0

The code below should:

  • iterate over a sequence of strings
  • parse each one as json,
  • filter out fields whose names could not be used as an identifier in most languages
  • lowercase the rmaining names
  • serialize the result as a string

It behaves as expected on small tests, but on an 8.6M item sequence of live data the output sequence is significantly longer than the input sequence:

import org.json4s._
import org.json4s.jackson.JsonMethods._
import org.apache.spark._

val txt = sc.textFile("s3n://...")
val patt="""^[a-zA-Z]\w*$""".r.findFirstIn _
val json = (for {
         line <- txt
         JObject(children) <- parse(line)
         children2 = (for {
           JField(name, value) <- children

           // filter fields with invalid names
           // patt(name) returns Option[String]
           _ <- patt(name)

         } yield JField(name.toLowerCase, value))
} yield compact(render(JObject(children2))))

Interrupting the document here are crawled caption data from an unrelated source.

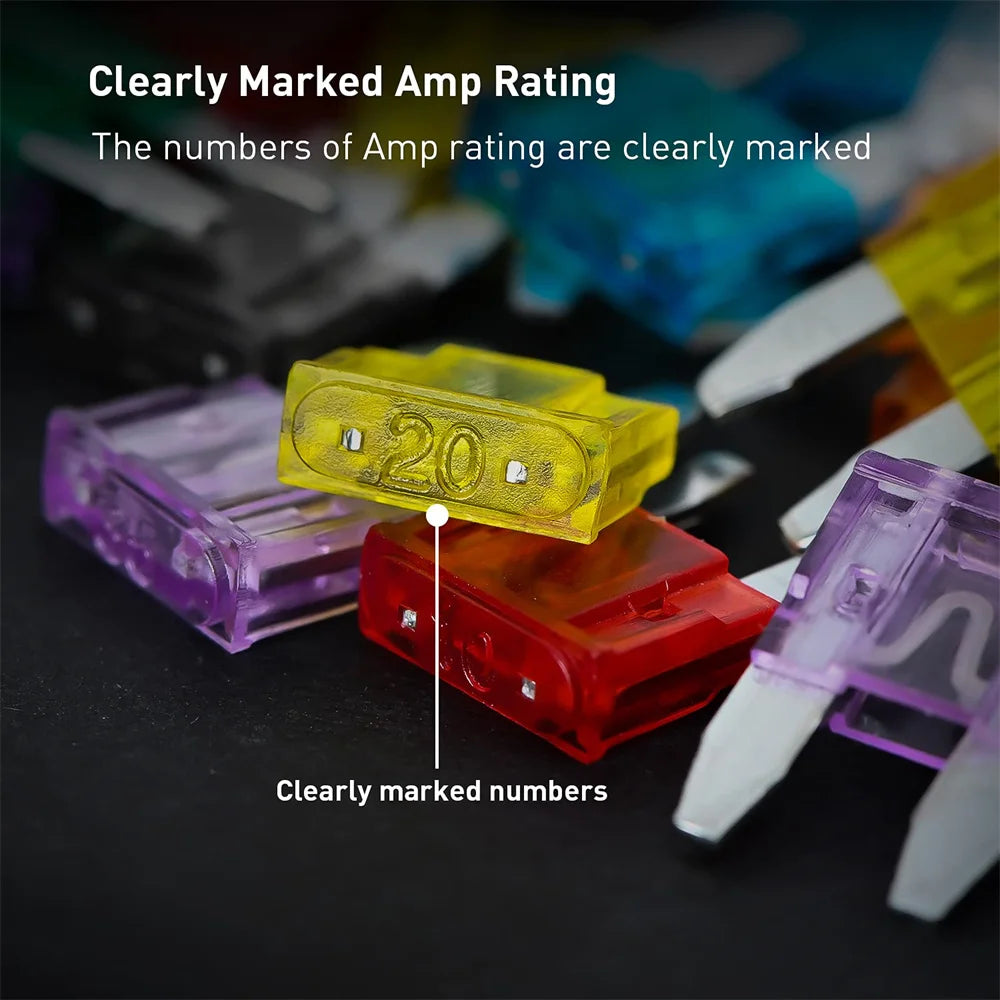 120PCS Mini/Standard  ATM/APM Blade Fuse 5A/7.5A/10A/15A/20A/25A/30A AMP Set with 10 Pack 14AWG ATC/ATO Inline Fuse Holder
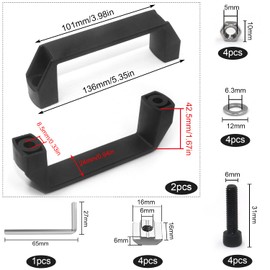 Bow Handle, Black Furniture Handle, Plastic Handles with T-Nut Groove Mounting Screw, Nuts Washers, 120 mm, Cabinet Handles, Suitable for Wardrobes, 30 Series, Aluminium Profile, Pack of 2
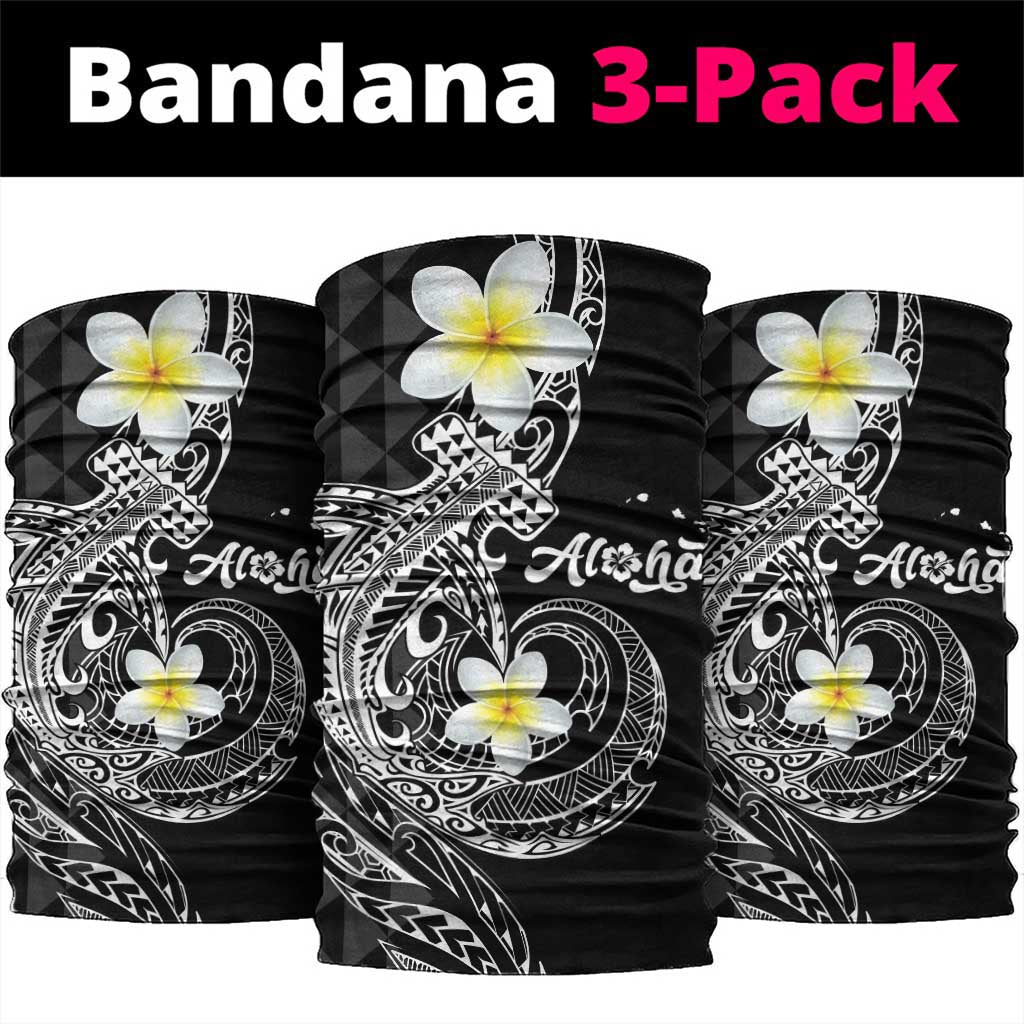 Aloha Hammerhead Shark Neck Gaiter Black Hawaiian Kakau Tribal Tattoo - Polynesian Pride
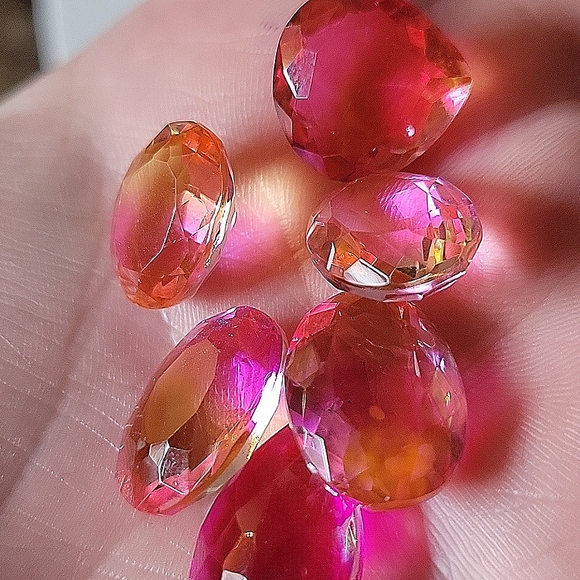 [2pcs] 15Ct Bi-Color Watermelon Tourmaline Doublet Pear Gemstone Loose Crystal - Picture 5 of 5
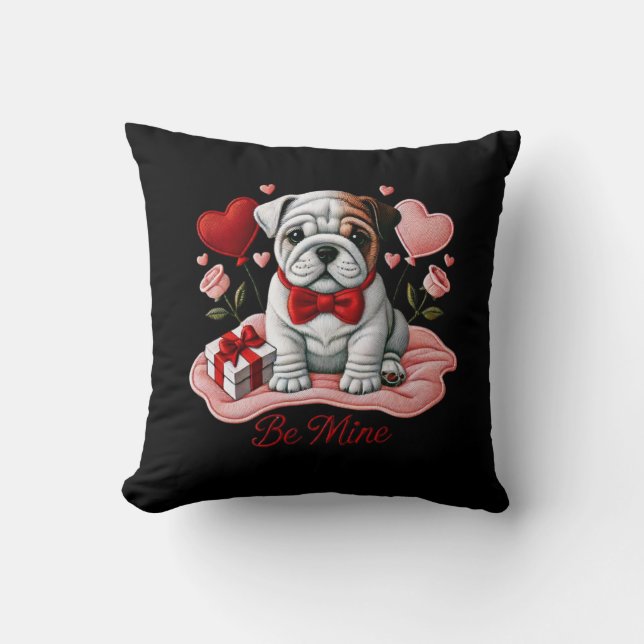 Coussin Be Mine Valentine English Bulldog Thlow (Recto)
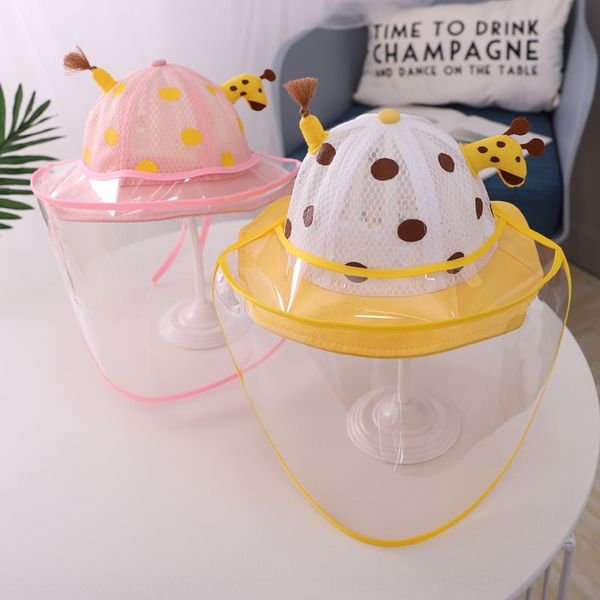

l2pvf bida children's protective deer cotton breathable sun mesh protective fisherman bucket bucket hat summer new baby epidemic preven, Yellow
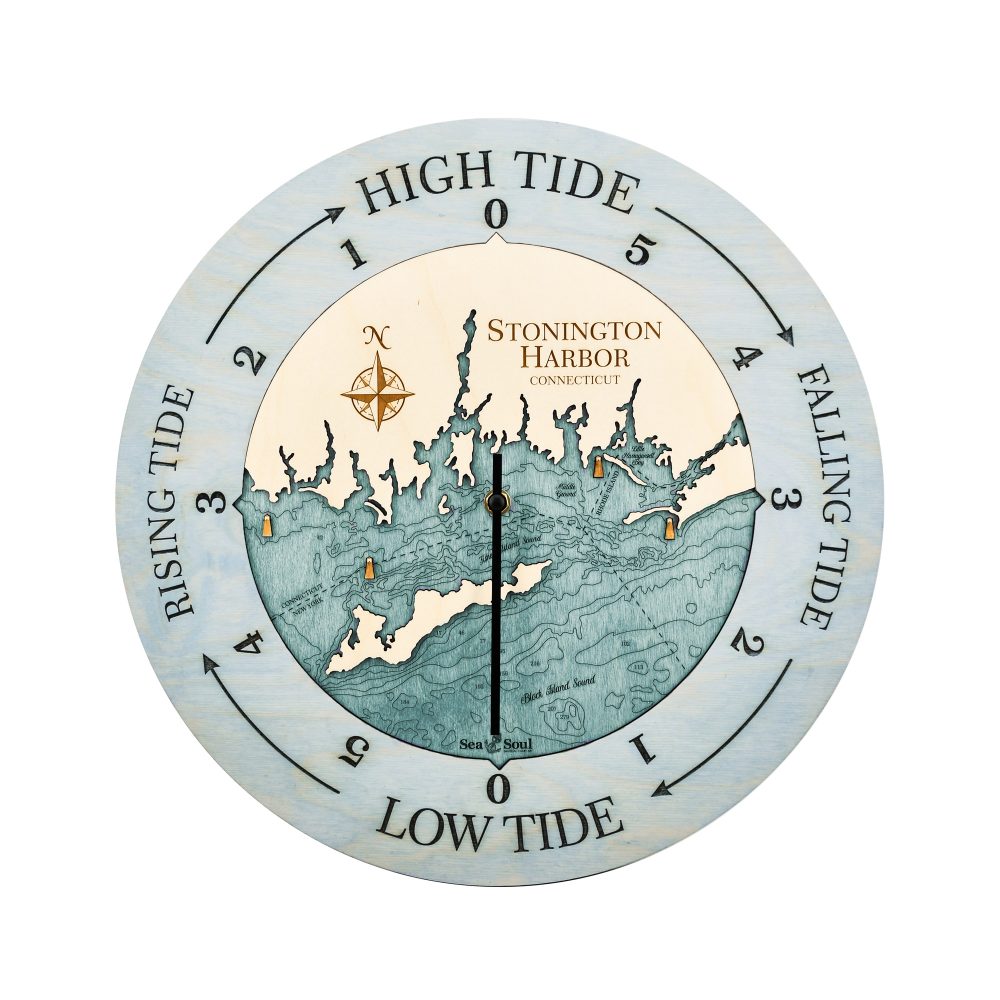 Stonington Harbor Tide Clock Bleach Blue Accent with Blue Green Water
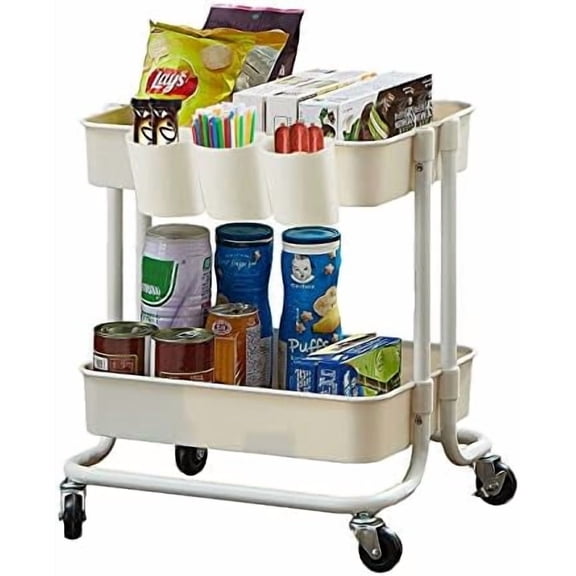 2-Tier Utility Rolling Cart Storage Sofa Side Table with Wheels, Mobile Trolley Organizer with for Office Home Kitchen Organization, Cream White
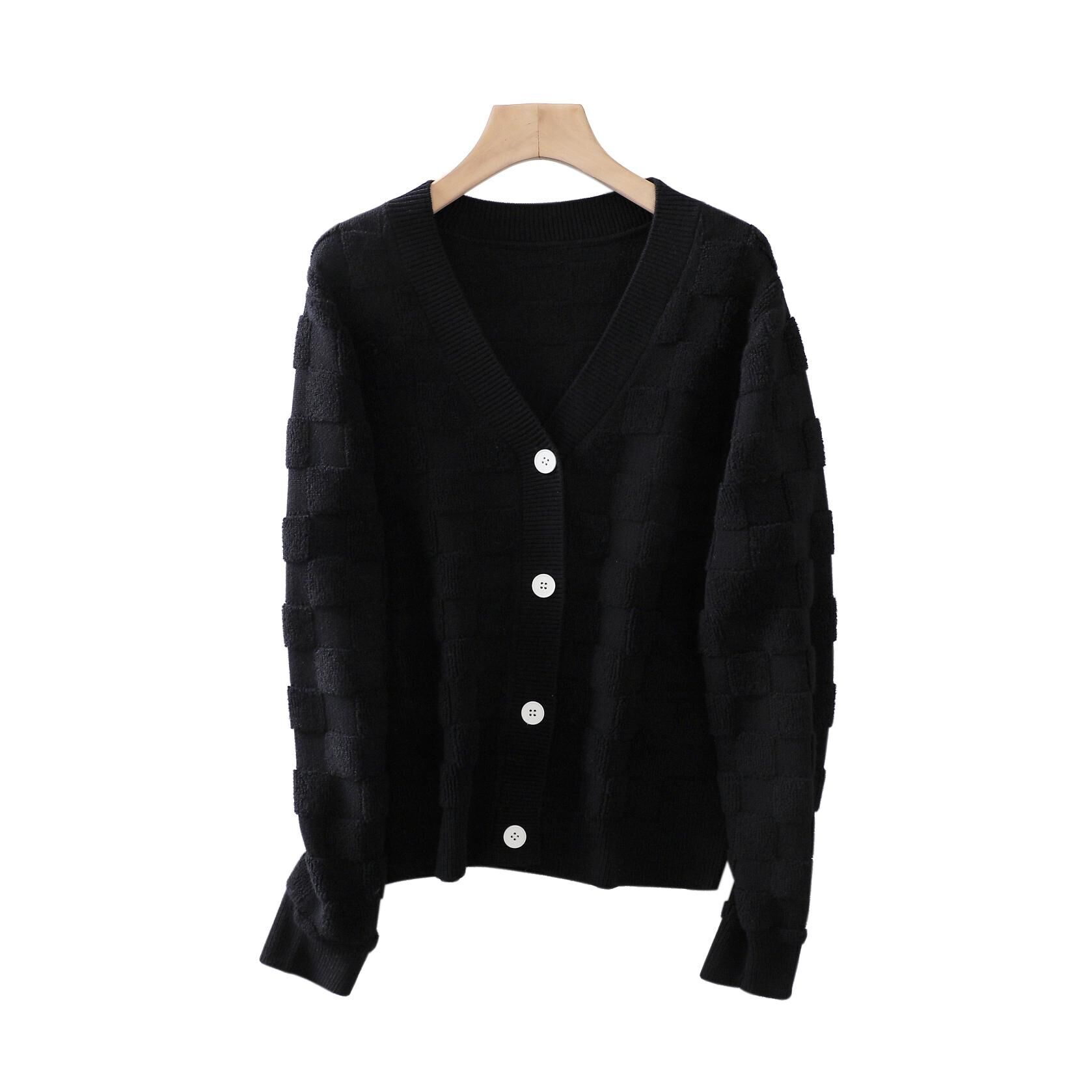 KK373-毛巾繡工藝針織外套-黑色 (C63)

I have checked that it actually increases the number of unique items, so it is not just duplicating items. Given my understanding of Scala comprehensions & json4s, I do not see how this is possible. The large live data collection is a Spark RDD, while my tests were with an ordinary Scala Seq, but that should not make any difference.

How can json have more elements than txt in the above code?

Daniel Mahler
  • 7,653
  • 5
  • 51
  • 90

2 Answers2

1

Maybe parse(line) is returning multiple JSON objects for a single line?

lmm
  • 17,386
  • 3
  • 26
  • 37
  • That was my first thought, but using `val txt = Seq("""{"a": 1, "B": 2, " ": 3}{"c": 4}""")` in the above code only parse the first record and the return type of `parse` is `JValue` – Daniel Mahler Oct 27 '14 at 19:42
  • Wait, `parse` returns a `JValue`? And you're then `flatMap`ing over that? Are you sure that's not iterating over every field of the json value or some such? – lmm Oct 27 '14 at 21:51
  • JValue implements `map` and `flatMap`. It behaves somewhat like `Option`, `JNone` acts like `None` and the other subclasses of `JValue` act as if they were wrapped in an invisible `Some`. – Daniel Mahler Oct 27 '14 at 21:57
  • Thanks for making me double check. That is how I found the actual problem. – Daniel Mahler Oct 27 '14 at 22:13
1

I was not aware that

JObject(children) <- parse(line)

matches recursively inside the result of parse. So even though parse returns a single value, when there are nested objects, they will be returned as separate bindings for children. The answer is to use

JObject(children) = parse(line)

the correct code is:

import org.json4s._
import org.json4s.jackson.JsonMethods._
import org.apache.spark._

val txt = sc.textFile("s3n://...")
val patt="""^[a-zA-Z]\w*$""".r.findFirstIn _
val json = (for {
         line <- txt
         JObject(children) = parse(line) // CHANGED <- TO =
         children2 = (for {
           JField(name, value) <- children

           // filter fields with invalid names
           // patt(name) returns Option[String]
           _ <- patt(name)

         } yield JField(name.toLowerCase, value))
} yield compact(render(JObject(children2))))
Daniel Mahler
  • 7,653
  • 5
  • 51
  • 90